Material for the task Block Start
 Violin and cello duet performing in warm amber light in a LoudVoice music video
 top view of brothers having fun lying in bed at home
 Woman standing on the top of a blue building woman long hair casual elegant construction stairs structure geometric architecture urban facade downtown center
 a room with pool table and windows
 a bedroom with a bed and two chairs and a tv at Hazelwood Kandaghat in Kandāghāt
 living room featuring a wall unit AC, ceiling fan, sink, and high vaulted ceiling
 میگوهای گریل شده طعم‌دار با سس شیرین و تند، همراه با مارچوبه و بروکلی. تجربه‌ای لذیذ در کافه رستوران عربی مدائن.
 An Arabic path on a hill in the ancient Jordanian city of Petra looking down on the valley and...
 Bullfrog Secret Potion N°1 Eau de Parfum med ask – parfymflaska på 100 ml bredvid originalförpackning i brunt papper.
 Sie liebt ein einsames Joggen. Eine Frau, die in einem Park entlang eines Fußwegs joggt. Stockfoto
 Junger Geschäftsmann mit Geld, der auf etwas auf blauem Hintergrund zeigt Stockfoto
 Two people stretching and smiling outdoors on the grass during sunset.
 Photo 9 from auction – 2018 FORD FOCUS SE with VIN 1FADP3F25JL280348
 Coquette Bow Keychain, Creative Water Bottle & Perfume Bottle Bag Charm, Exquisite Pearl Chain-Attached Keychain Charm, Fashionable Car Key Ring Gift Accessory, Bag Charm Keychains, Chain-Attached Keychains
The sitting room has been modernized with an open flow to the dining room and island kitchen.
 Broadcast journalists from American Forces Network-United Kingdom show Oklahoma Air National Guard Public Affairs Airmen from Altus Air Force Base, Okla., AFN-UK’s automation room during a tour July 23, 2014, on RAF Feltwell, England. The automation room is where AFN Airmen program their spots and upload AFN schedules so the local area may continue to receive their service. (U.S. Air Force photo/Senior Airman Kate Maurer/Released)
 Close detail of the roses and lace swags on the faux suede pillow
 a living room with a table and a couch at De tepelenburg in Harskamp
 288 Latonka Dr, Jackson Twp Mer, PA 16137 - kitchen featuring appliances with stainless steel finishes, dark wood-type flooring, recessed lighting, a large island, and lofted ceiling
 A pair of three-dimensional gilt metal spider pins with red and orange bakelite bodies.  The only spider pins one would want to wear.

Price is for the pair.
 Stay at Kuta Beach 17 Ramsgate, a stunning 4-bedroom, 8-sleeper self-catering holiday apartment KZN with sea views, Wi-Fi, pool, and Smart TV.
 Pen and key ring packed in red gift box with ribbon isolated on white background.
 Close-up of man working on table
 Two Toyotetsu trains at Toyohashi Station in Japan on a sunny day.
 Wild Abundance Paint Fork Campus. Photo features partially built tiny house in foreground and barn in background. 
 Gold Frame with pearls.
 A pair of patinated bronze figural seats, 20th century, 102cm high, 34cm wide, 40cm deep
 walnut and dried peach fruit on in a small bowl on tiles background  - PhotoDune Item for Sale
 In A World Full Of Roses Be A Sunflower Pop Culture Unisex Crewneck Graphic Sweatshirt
Material for the task Block End
Given the records above, reproduce precisely and only the lines between the line holding "A pair of patinated" and the line holding "walnut and dried", inclusive.

Answer to the exercise →
 A pair of patinated bronze figural seats, 20th century, 102cm high, 34cm wide, 40cm deep
 walnut and dried peach fruit on in a small bowl on tiles background  - PhotoDune Item for Sale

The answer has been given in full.